The problem: The reply is to contain the full listing, repeated exactly, with pictures left out.

Provided records:
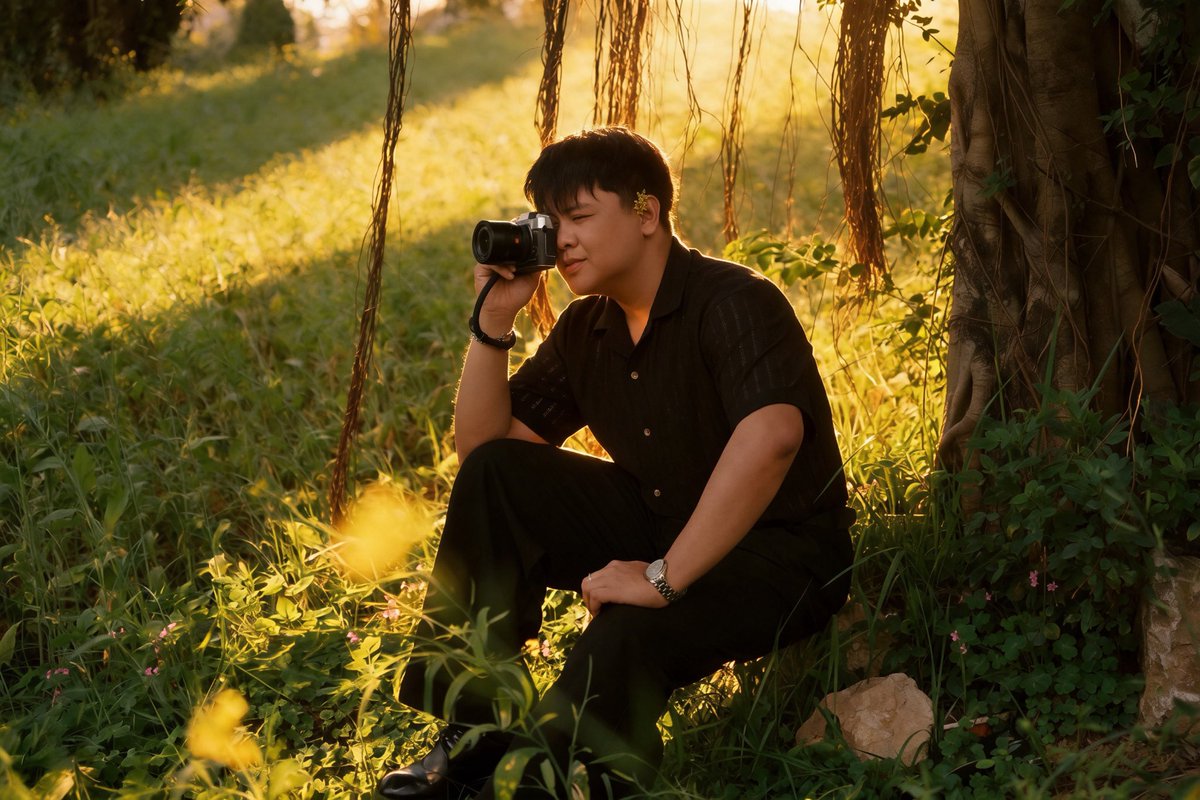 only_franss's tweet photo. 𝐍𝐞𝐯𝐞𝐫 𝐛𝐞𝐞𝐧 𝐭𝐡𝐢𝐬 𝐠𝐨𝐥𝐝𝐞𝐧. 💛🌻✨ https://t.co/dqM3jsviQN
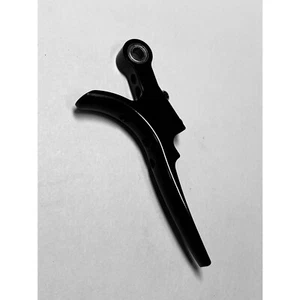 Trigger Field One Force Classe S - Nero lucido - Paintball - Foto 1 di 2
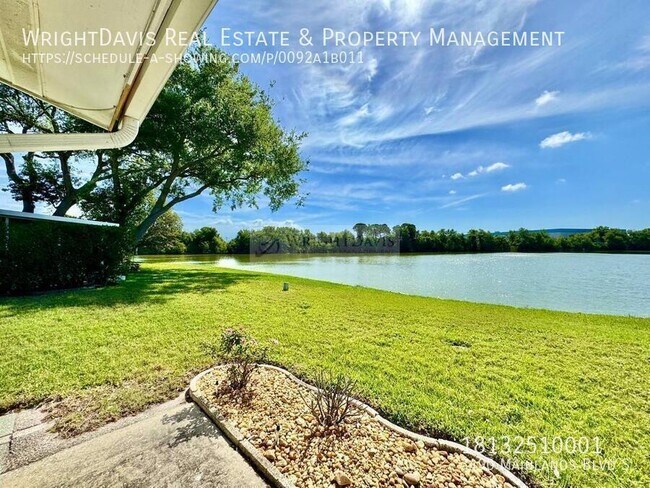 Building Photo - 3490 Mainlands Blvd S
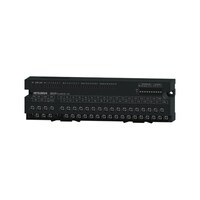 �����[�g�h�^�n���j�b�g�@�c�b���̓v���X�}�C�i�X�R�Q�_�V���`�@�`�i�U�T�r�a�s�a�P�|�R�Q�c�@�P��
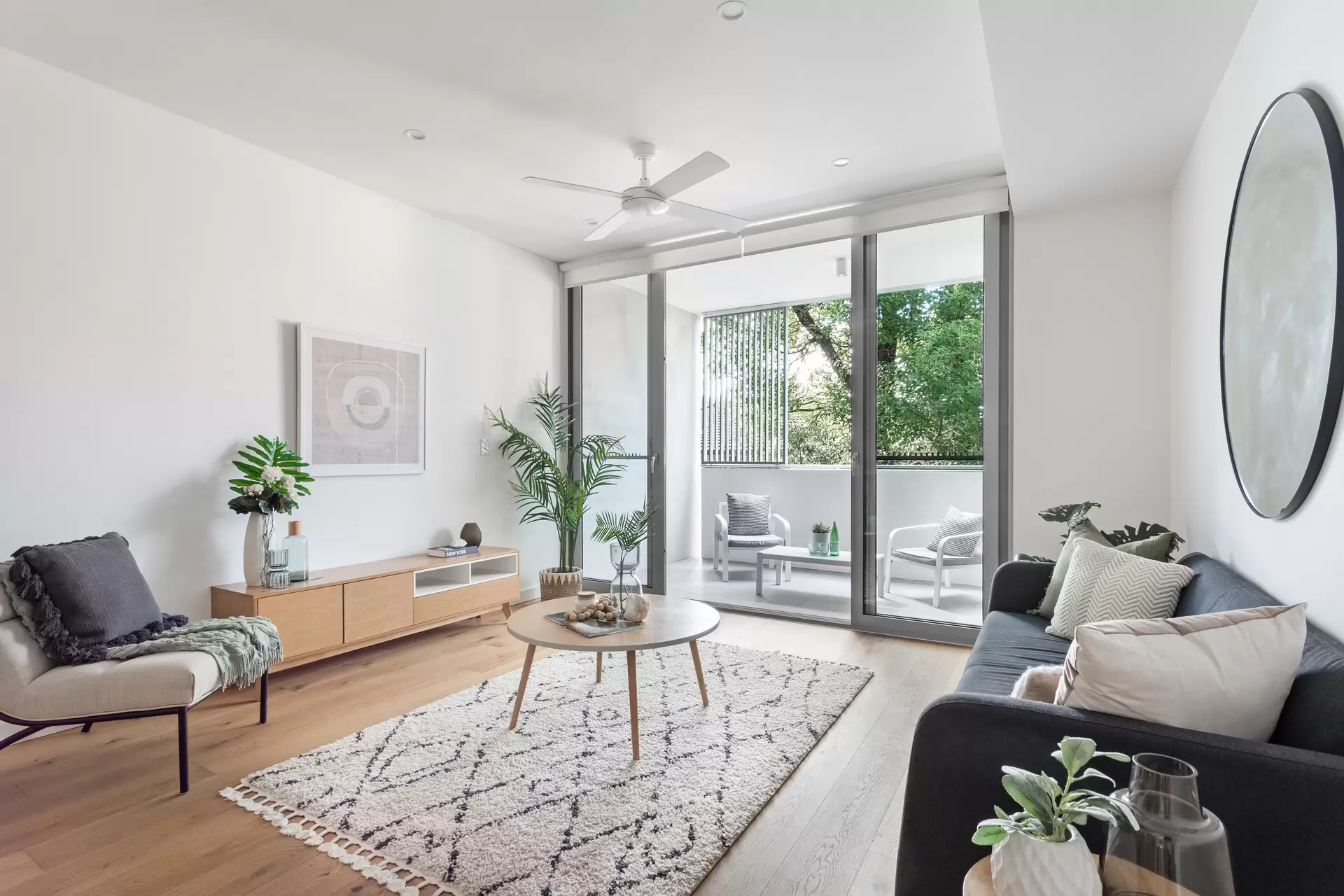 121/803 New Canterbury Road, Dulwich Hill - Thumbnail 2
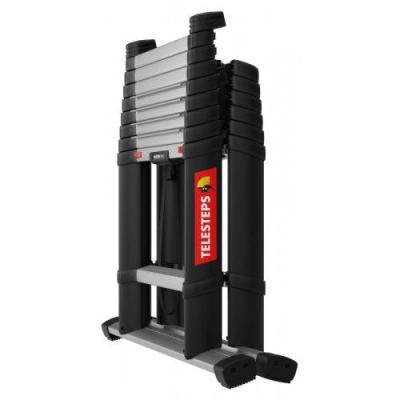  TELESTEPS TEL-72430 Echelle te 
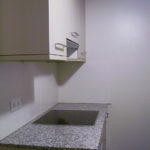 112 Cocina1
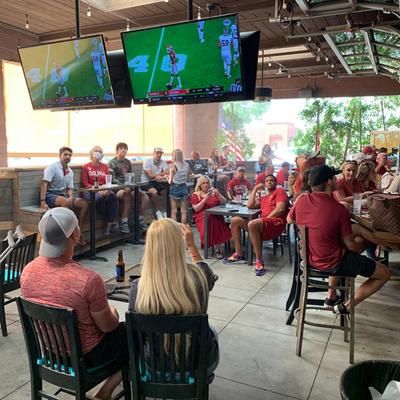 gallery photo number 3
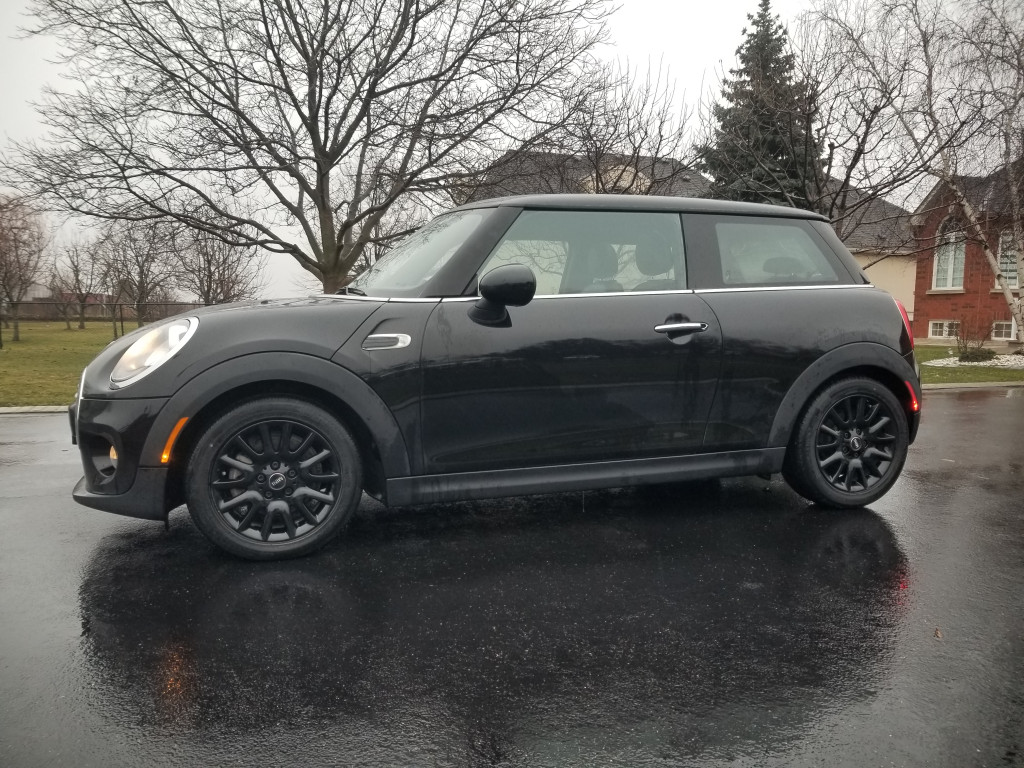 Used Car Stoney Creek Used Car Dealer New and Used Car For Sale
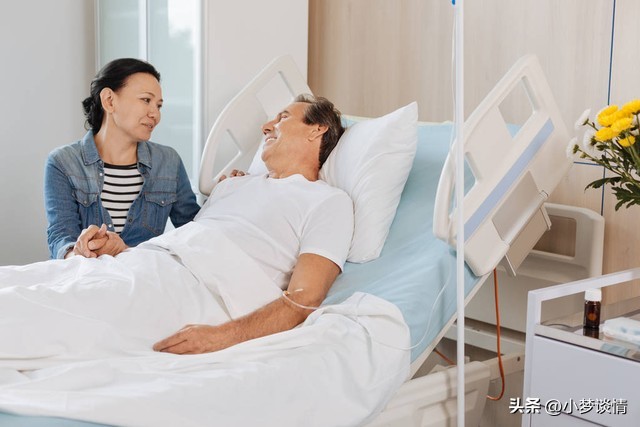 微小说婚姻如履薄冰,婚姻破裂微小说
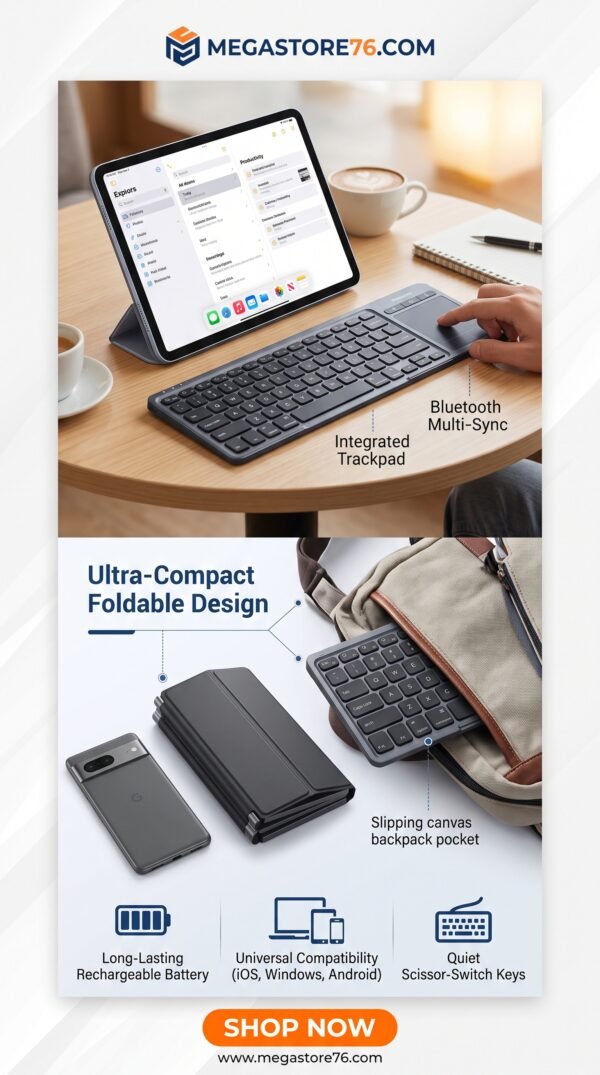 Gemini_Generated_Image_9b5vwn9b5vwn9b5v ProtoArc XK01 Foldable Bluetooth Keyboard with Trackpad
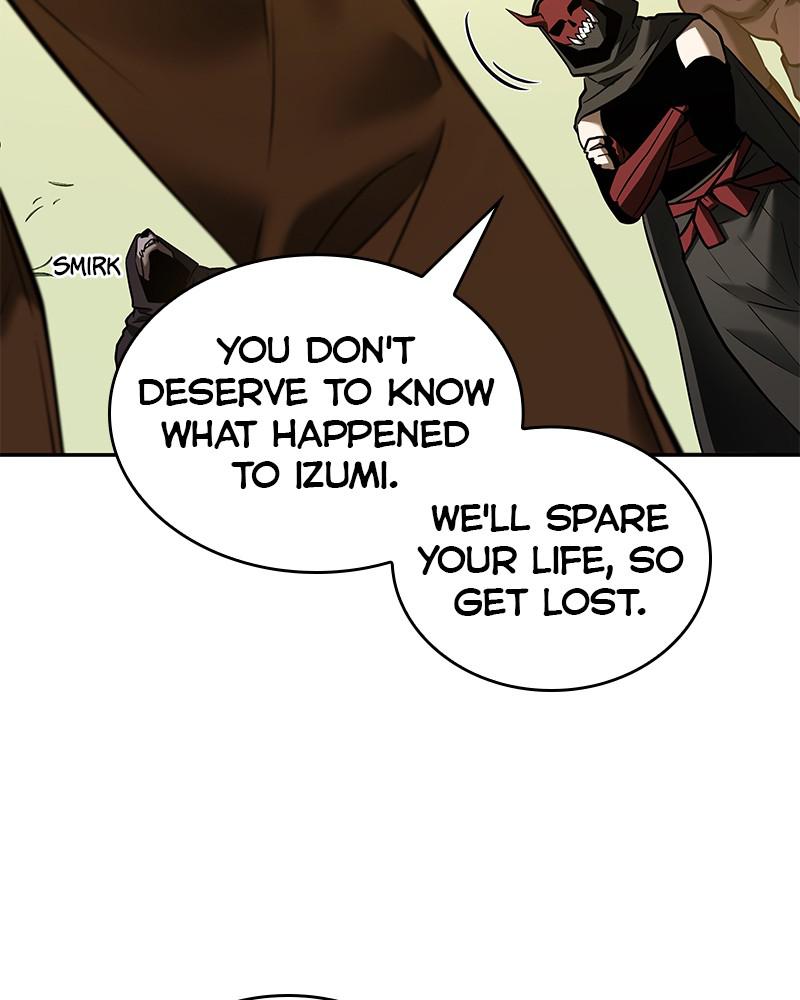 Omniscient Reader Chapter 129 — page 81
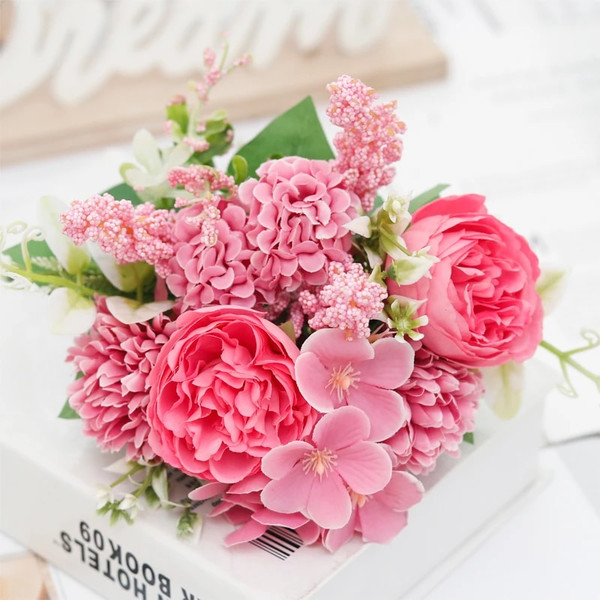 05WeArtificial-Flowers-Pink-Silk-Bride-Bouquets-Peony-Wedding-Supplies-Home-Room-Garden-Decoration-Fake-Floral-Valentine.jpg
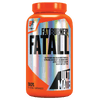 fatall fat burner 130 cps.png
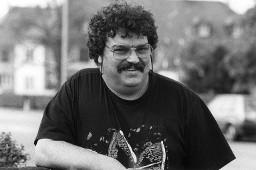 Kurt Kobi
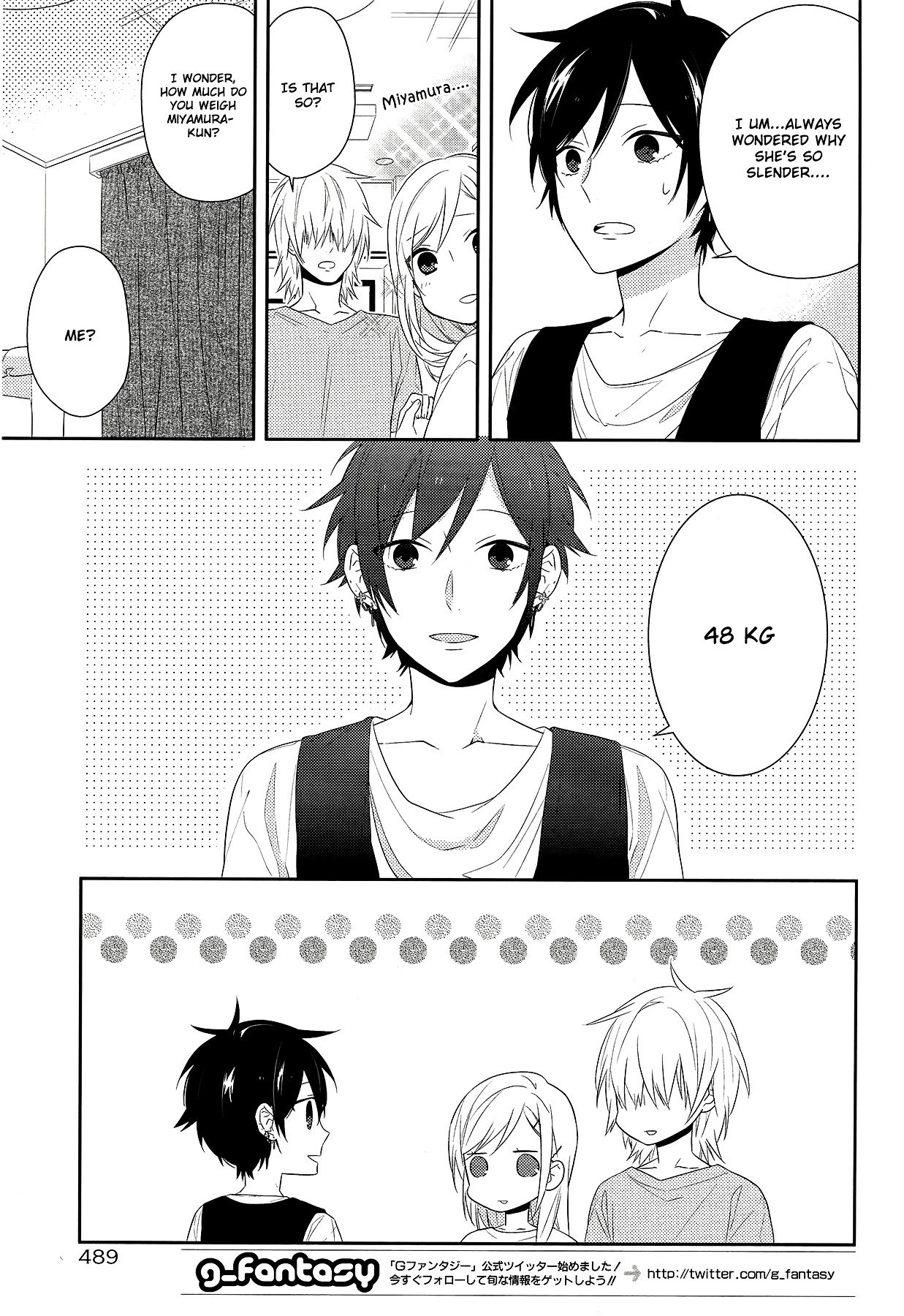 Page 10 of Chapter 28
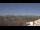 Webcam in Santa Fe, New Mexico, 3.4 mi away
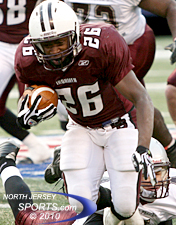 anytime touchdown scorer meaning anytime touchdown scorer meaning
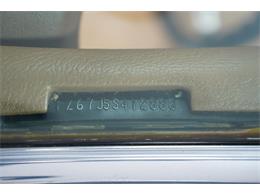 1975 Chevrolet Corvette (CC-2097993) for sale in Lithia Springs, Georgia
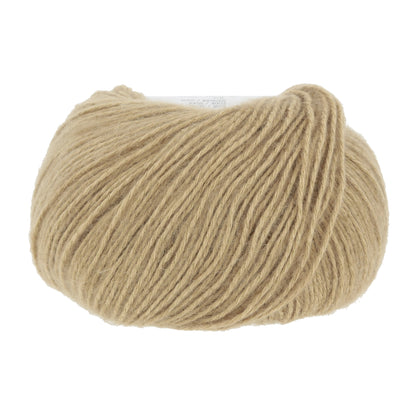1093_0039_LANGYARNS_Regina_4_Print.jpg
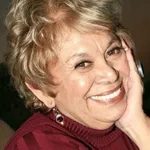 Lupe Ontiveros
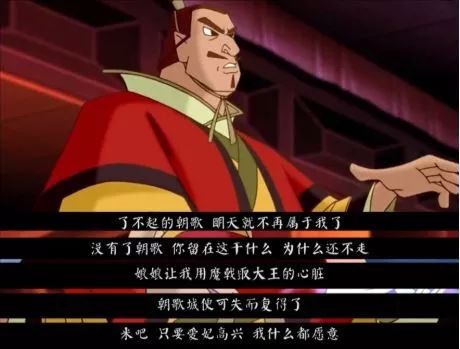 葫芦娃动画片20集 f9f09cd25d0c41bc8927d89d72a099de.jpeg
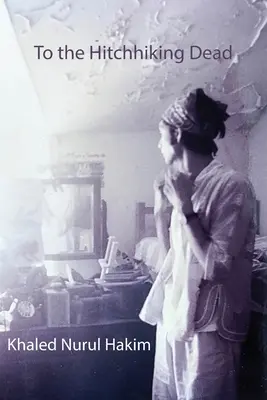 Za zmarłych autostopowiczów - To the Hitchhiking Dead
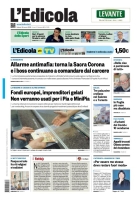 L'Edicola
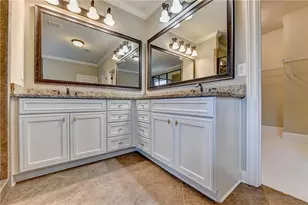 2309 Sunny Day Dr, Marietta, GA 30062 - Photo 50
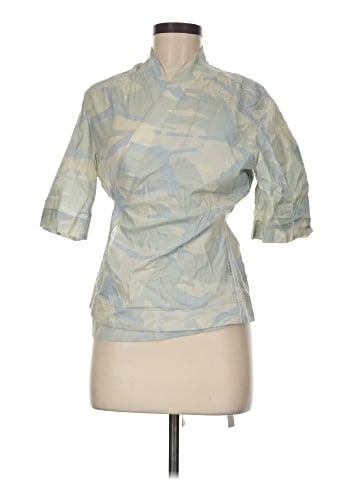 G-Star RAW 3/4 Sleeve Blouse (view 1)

Answer to this problem:
 only_franss's tweet photo. 𝐍𝐞𝐯𝐞𝐫 𝐛𝐞𝐞𝐧 𝐭𝐡𝐢𝐬 𝐠𝐨𝐥𝐝𝐞𝐧. 💛🌻✨ https://t.co/dqM3jsviQN
 Trigger Field One Force Classe S - Nero lucido - Paintball - Foto 1 di 2
 Building Photo - 3490 Mainlands Blvd S
 �����[�g�h�^�n���j�b�g�@�c�b���̓v���X�}�C�i�X�R�Q�_�V���`�@�`�i�U�T�r�a�s�a�P�|�R�Q�c�@�P��
 121/803 New Canterbury Road, Dulwich Hill - Thumbnail 2
  TELESTEPS TEL-72430 Echelle te 
 112 Cocina1
 gallery photo number 3
 Used Car Stoney Creek Used Car Dealer New and Used Car For Sale
 微小说婚姻如履薄冰,婚姻破裂微小说
 Gemini_Generated_Image_9b5vwn9b5vwn9b5v ProtoArc XK01 Foldable Bluetooth Keyboard with Trackpad
 Omniscient Reader Chapter 129 — page 81
 05WeArtificial-Flowers-Pink-Silk-Bride-Bouquets-Peony-Wedding-Supplies-Home-Room-Garden-Decoration-Fake-Floral-Valentine.jpg
 fatall fat burner 130 cps.png
 Kurt Kobi
 Page 10 of Chapter 28
 Webcam in Santa Fe, New Mexico, 3.4 mi away
 anytime touchdown scorer meaning anytime touchdown scorer meaning
 1975 Chevrolet Corvette (CC-2097993) for sale in Lithia Springs, Georgia
1093_0039_LANGYARNS_Regina_4_Print.jpg
 Lupe Ontiveros
 葫芦娃动画片20集 f9f09cd25d0c41bc8927d89d72a099de.jpeg
 Za zmarłych autostopowiczów - To the Hitchhiking Dead
 L'Edicola
 2309 Sunny Day Dr, Marietta, GA 30062 - Photo 50
 G-Star RAW 3/4 Sleeve Blouse (view 1)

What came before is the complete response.